A compensação material e a falta de convívio social (explicada por muitos fatores, inclusive a violência) fazem com que as pessoas cresçam em uma redoma de vidro. Não sabem diferenciar espaço público de espaço privado; não conseguem respeitar nem o coletivo nem o outro em sua individualidade. Aí vão tentar impor sua vontade por meios de gangues, pichação e afins.

O relativismo ético se dá por causa da crise de valores. Não há mais os grandes valores para nortear uma nação. Morreram todos os ideais e a ética foi relativizada sem pudor algum. “Eu pensei que ela era uma prostituta, então bati (porque eu acho que bater em prostituta é certo e ponto final).”

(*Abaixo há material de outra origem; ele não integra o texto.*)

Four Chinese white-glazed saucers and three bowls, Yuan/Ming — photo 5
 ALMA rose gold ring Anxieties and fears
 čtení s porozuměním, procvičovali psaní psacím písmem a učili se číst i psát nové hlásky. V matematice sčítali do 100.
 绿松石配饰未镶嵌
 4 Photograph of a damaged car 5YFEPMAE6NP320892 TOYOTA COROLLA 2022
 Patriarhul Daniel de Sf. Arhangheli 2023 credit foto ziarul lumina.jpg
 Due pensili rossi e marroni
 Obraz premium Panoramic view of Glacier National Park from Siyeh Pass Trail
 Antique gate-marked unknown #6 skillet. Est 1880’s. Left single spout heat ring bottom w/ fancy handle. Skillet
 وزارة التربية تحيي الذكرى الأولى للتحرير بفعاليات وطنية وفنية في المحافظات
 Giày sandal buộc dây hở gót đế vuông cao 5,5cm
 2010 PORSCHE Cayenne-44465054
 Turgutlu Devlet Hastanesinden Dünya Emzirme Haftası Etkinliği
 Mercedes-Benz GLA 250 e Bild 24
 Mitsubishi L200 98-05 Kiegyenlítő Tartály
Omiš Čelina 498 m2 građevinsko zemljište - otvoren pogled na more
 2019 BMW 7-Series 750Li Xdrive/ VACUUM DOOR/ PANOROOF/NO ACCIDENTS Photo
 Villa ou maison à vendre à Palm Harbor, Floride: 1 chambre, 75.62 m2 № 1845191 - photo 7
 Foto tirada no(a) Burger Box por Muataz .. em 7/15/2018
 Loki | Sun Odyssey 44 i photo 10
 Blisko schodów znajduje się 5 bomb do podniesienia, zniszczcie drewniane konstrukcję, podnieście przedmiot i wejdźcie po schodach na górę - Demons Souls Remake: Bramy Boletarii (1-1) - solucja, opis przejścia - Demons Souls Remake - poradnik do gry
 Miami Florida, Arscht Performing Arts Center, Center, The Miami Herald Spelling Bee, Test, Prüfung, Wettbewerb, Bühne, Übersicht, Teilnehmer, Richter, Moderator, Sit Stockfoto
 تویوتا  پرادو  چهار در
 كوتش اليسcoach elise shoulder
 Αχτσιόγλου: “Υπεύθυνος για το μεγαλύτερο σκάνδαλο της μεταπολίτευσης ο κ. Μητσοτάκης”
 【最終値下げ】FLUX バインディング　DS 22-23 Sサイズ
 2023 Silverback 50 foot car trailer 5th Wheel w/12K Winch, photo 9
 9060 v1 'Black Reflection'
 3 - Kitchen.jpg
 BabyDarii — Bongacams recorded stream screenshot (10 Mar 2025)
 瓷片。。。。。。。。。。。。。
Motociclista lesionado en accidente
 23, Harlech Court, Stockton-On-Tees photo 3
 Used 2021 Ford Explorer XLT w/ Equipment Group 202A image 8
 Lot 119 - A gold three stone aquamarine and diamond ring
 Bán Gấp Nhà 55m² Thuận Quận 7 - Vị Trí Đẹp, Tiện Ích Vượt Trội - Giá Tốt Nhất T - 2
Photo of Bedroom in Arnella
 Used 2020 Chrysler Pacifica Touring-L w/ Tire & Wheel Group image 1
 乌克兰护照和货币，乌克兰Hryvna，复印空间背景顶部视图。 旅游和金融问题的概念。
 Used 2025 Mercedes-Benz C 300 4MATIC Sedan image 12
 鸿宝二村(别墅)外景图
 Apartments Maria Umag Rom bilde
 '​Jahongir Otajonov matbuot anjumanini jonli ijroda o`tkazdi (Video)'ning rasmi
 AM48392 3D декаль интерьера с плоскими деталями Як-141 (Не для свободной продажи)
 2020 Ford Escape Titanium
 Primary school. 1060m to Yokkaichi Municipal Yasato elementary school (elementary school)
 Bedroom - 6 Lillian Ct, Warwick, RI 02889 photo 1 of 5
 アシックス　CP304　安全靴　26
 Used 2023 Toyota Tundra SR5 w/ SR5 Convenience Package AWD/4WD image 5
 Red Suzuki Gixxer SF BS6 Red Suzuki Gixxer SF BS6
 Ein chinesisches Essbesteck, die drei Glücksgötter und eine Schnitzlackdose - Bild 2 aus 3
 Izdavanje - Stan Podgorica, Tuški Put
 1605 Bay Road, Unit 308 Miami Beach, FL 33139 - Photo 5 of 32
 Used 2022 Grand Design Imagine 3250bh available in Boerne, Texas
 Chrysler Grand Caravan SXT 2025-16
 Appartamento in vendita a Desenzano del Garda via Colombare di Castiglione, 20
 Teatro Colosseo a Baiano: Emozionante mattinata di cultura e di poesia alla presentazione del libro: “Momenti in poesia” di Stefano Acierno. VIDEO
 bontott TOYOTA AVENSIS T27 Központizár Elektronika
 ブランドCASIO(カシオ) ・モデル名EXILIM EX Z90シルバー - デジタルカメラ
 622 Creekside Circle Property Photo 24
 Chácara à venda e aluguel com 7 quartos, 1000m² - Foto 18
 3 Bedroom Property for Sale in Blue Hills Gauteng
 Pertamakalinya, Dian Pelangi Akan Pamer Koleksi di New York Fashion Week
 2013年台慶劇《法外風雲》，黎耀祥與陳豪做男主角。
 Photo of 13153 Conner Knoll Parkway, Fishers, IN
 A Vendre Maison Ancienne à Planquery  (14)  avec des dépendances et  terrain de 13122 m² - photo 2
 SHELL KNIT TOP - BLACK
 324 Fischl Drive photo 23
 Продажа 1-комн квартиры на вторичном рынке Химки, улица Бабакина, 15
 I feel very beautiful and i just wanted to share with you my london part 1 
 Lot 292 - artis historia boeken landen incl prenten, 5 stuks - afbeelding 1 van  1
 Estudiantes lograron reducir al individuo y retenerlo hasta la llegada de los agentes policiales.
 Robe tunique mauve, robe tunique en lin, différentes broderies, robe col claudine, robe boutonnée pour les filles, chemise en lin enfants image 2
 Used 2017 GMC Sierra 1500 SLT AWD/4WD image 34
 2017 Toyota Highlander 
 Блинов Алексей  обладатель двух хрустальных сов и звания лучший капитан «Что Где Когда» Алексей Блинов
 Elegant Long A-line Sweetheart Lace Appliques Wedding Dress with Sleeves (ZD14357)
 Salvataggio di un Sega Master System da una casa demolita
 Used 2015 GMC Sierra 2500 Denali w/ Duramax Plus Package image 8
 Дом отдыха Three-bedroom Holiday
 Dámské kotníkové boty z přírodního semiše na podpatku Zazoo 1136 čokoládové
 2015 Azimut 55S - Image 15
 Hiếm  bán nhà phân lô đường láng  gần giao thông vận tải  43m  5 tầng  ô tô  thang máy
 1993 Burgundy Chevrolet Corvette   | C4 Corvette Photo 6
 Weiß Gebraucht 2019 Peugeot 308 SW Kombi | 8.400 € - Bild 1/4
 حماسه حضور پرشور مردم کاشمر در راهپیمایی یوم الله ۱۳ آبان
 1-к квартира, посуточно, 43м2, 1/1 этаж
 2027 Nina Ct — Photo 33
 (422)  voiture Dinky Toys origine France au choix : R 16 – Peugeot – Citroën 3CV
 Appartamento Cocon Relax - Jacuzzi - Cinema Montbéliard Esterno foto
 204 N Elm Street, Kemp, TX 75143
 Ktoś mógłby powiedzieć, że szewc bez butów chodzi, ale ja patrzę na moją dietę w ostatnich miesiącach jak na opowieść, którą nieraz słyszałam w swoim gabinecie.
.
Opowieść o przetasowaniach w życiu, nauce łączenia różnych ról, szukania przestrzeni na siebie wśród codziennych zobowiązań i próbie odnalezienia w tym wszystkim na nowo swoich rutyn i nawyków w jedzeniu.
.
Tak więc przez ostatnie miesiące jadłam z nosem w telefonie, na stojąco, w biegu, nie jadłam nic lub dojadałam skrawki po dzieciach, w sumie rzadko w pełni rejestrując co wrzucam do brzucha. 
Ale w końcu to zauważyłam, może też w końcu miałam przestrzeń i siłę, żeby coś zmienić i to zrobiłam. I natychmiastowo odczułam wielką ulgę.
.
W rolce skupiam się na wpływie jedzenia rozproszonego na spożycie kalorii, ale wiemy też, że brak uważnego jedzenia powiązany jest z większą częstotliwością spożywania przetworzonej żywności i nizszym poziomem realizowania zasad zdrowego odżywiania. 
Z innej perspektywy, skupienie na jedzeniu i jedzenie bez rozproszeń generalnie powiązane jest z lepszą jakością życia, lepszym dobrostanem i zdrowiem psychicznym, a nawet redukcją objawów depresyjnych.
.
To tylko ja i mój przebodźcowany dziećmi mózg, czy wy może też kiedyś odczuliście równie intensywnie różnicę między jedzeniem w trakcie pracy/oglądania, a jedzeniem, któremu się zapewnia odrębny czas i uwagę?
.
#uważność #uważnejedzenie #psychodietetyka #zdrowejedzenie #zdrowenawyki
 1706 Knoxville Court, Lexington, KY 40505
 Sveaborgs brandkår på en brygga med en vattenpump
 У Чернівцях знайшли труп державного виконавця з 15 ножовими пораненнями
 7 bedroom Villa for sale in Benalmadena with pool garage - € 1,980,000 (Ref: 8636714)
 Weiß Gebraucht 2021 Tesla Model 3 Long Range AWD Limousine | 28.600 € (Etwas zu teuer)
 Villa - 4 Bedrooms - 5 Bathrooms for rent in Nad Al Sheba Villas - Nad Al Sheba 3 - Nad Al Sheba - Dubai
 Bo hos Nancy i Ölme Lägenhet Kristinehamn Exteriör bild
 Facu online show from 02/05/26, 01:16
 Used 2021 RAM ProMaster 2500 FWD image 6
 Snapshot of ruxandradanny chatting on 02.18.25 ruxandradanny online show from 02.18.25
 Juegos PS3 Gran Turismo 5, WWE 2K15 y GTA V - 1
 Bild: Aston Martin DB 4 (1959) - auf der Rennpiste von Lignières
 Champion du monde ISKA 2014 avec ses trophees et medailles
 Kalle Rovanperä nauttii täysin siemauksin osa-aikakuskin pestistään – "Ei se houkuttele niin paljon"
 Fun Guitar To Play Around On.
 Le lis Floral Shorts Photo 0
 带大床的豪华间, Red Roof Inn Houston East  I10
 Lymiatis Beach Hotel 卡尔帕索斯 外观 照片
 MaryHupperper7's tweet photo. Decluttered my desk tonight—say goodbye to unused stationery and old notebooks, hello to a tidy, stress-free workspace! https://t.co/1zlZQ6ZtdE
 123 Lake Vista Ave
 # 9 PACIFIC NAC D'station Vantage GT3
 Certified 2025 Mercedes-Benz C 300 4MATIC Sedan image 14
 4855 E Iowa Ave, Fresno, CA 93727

Percebam que esses jovens criados sem afeto, privados do convívio social, perdem a noção de tudo. Perdem a noção do valor de uma vida, de que as pessoas possuem outros que as amam e que vão sofrer com a sua perda. Vão batendo e não param mais.

Ou seja, nosso sistema é podre. A competição gera marginais humilhados e destrói a família. A própria violência gera meios para que ela própria cresça indefinidamente. Então, o que fazer nessa situação? Não sei. Sinceramente não sei. Às vezes penso que teremos que chegar ao fundo do poço para resgatarmos alguns valores. E precisamos resgatá-los, pois sociedade alguma se sustenta sem eles. Quanto a esse sistema desumano, penso deveríamos erradicá-lo de uma vez. Como faremos isso, não sei. Mas é necessário e urgente. O ser humano em primeiro lugar, sempre.

Espero ter conseguido expressar toda a minha angústia em relação aos fatos. É por isso que não modifiquei muita coisa no texto; se o corrigisse demais, ele iria perder o tom original, que é de indignação. Mas, como disse, esse artigo não espera fornecer respostas, mas fomentar questionamentos.